Every entry needs to appear again exactly as written below.

→ Input:
....
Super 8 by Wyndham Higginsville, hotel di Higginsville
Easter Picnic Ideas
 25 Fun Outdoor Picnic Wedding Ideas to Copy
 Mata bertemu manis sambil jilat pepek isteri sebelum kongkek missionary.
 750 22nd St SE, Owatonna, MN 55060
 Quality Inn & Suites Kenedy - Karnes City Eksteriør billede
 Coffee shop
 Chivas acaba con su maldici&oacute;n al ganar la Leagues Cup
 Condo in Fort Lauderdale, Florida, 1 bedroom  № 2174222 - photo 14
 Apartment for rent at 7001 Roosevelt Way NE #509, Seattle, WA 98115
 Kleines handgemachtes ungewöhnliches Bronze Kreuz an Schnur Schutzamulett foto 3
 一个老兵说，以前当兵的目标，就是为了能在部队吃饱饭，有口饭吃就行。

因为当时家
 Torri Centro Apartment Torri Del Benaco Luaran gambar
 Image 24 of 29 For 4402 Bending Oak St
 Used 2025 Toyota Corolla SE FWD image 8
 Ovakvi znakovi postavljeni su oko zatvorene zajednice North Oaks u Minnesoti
....
→ Response below:
Super 8 by Wyndham Higginsville, hotel di Higginsville
Easter Picnic Ideas
 25 Fun Outdoor Picnic Wedding Ideas to Copy
 Mata bertemu manis sambil jilat pepek isteri sebelum kongkek missionary.
 750 22nd St SE, Owatonna, MN 55060
 Quality Inn & Suites Kenedy - Karnes City Eksteriør billede
 Coffee shop
 Chivas acaba con su maldici&oacute;n al ganar la Leagues Cup
 Condo in Fort Lauderdale, Florida, 1 bedroom  № 2174222 - photo 14
 Apartment for rent at 7001 Roosevelt Way NE #509, Seattle, WA 98115
 Kleines handgemachtes ungewöhnliches Bronze Kreuz an Schnur Schutzamulett foto 3
 一个老兵说，以前当兵的目标，就是为了能在部队吃饱饭，有口饭吃就行。

因为当时家
 Torri Centro Apartment Torri Del Benaco Luaran gambar
 Image 24 of 29 For 4402 Bending Oak St
 Used 2025 Toyota Corolla SE FWD image 8
 Ovakvi znakovi postavljeni su oko zatvorene zajednice North Oaks u Minnesoti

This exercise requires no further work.